* This suggestion is part of our Sweater Weather Reads series. We’ll be posting cool suggestions all winter long on Twitter @BSPLibrary #sweaterweatherreads. Got a better suggestion? We’d love to hear from you. *
Whenever a favorite author of mine deviates from their usual setting or characters, I approach the new work with trepidation. It’s not that I believe the new work won’t be good – the author has already proven their ability in the books I’ve already read. It’s just that I worry that I am more in love with the characters and setting of the writer’s other books than I am with the writer’s style or storytelling.
C. J. Sansom has written an excellent mystery series starring a lawyer in London at the time of Cromwell. He brilliantly captures the sights, sounds, and dangers of London in a time of political upheaval. I highly recommend any of the books in the Matthew Shardlake series. This review is not about those books. Instead, I’d like to introduce one of his other novels, Winter in Madrid.

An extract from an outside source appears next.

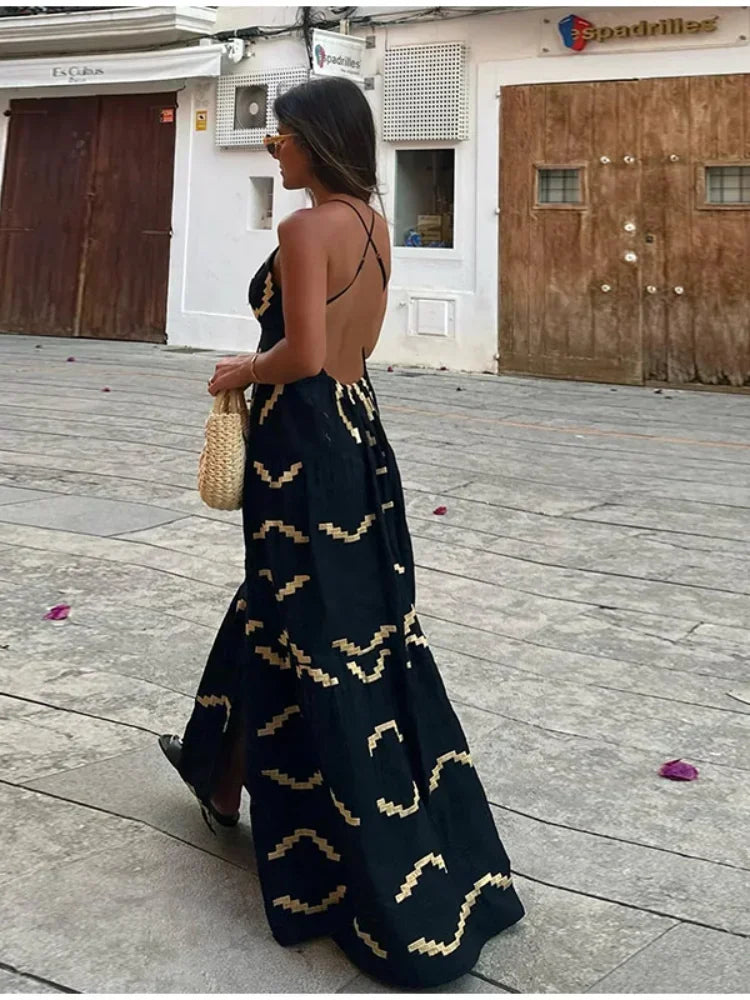 Sexy V-neck High Waist Backless Split Long Dress Fashion Printed Sleeveless Loose Dress Maxi Dress Milanni Fashion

Winter in Madrid is set in the aftermath of the Spanish Civil War in Madrid, Spain when the country is on the brink of joining Germany’s war effort in WWII. The main character, Harry Brett, is a spy for England sent into Madrid to cozy up to an old public school friend, Sandy Forsyth, who has turned into a shady war profiteer. During the mission, he discovers that another former classmate has been imprisoned and gets involved with his schoolmate’s lover while trying to free him. Harry also falls in love with a Spanish schoolteacher struggling to survive in the post-war chaos.
These stories intertwine and climax just as an unexpected twist changes all the characters’ lives forever.
One of the most fascinating parts of the book is the juxtaposition between the British pre-war morality and the weary cynicism that came at the end of the Spanish Civil War. Thousands of non-Spaniards, believing that Spain was the battlefield of the struggle against fascism, had fought, died, committed atrocities, and had atrocities perpetrated on them. What had been seen as a glorious, hopeful enterprise against communism and fascism was crushed by the cruel machinery of war and politics. The schoolboy virtues of honor, self-sacrifice for others, and spirit of fair play were no longer needed nor valued.
Sansom does his usual excellent job of putting the reader into the setting, with the constant political peril so palpable that it’s almost a character in the story. I finished this book relieved that one of my favorite authors had once again delivered a thrilling tale I could not put down.